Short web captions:

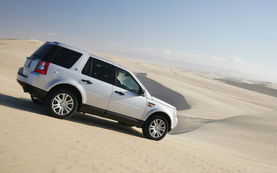 卡拉克神行者， 油耗大揭秘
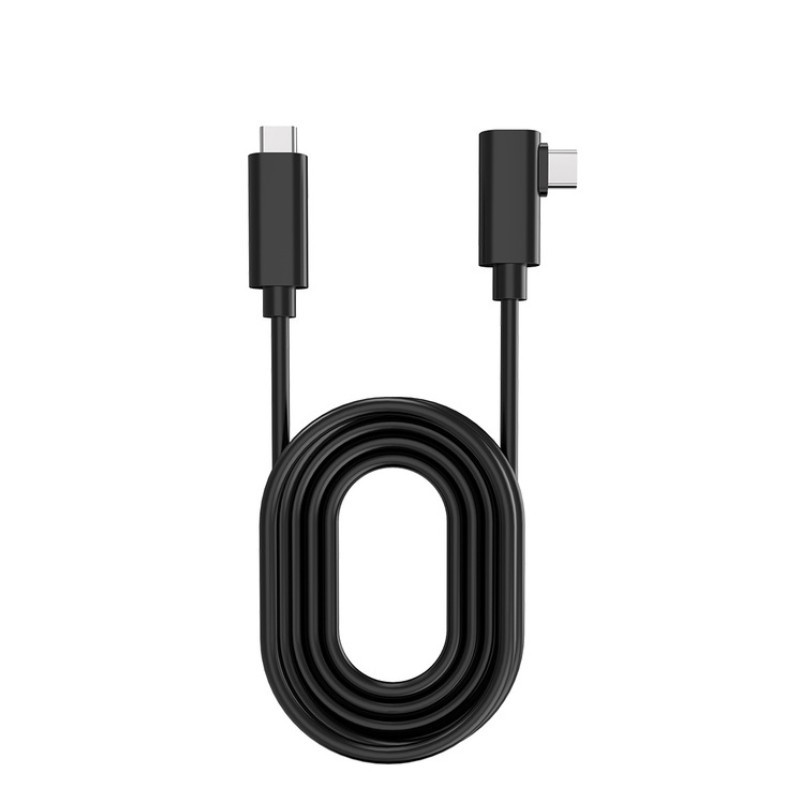 5M Data Charging Cable For Oculus Quest 2 VR Virtual Reality Headset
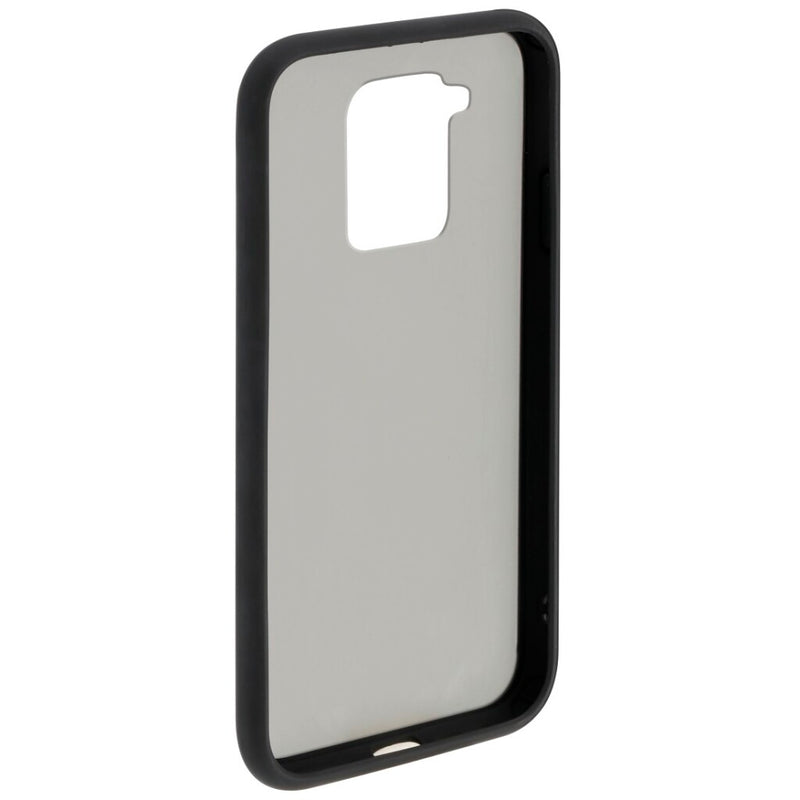 Hama Cover Invisible Voor Xiaomi Redmi Note 9 Zwart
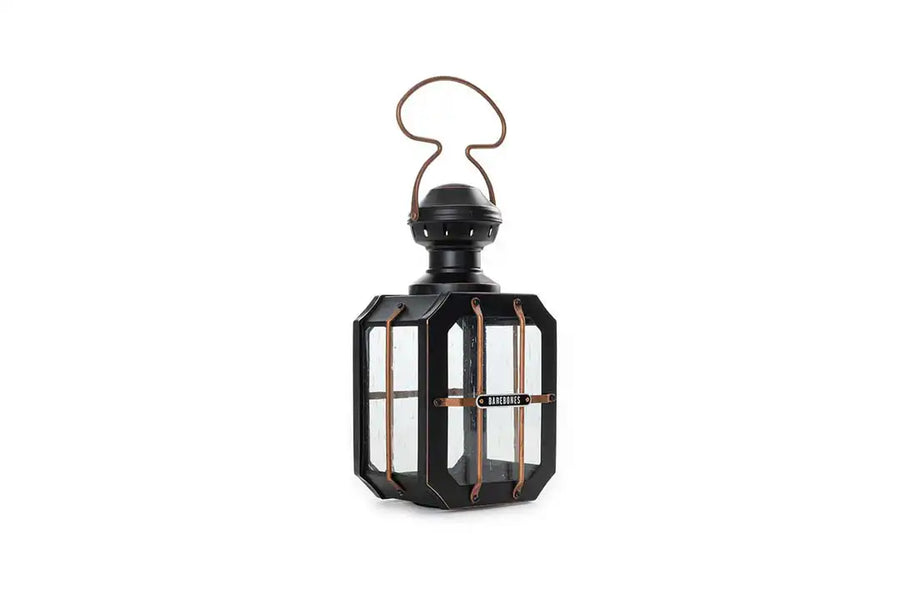 Box Candle Lantern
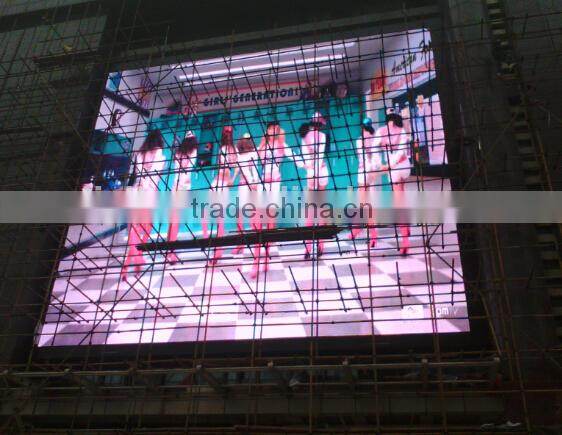 RV901H/921H/931H single color tri color rgb synchronous control receiving card led display controller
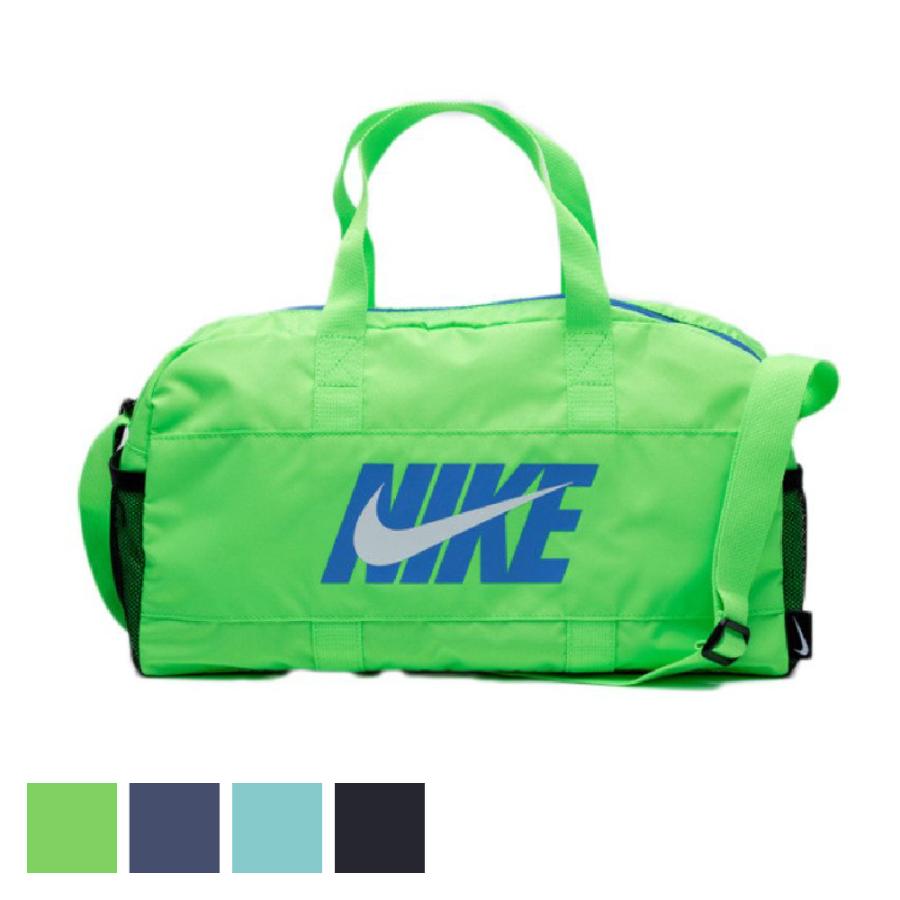 NIKE（ナイキ） 水泳バッグ ボストンプールバッグ 16L 1994041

## [PROMPT]
For the entries above, return an exact copy that omits the images.

## [FINISHED TASK]
 卡拉克神行者， 油耗大揭秘
 5M Data Charging Cable For Oculus Quest 2 VR Virtual Reality Headset
 Hama Cover Invisible Voor Xiaomi Redmi Note 9 Zwart
 Box Candle Lantern
 RV901H/921H/931H single color tri color rgb synchronous control receiving card led display controller
 NIKE（ナイキ） 水泳バッグ ボストンプールバッグ 16L 1994041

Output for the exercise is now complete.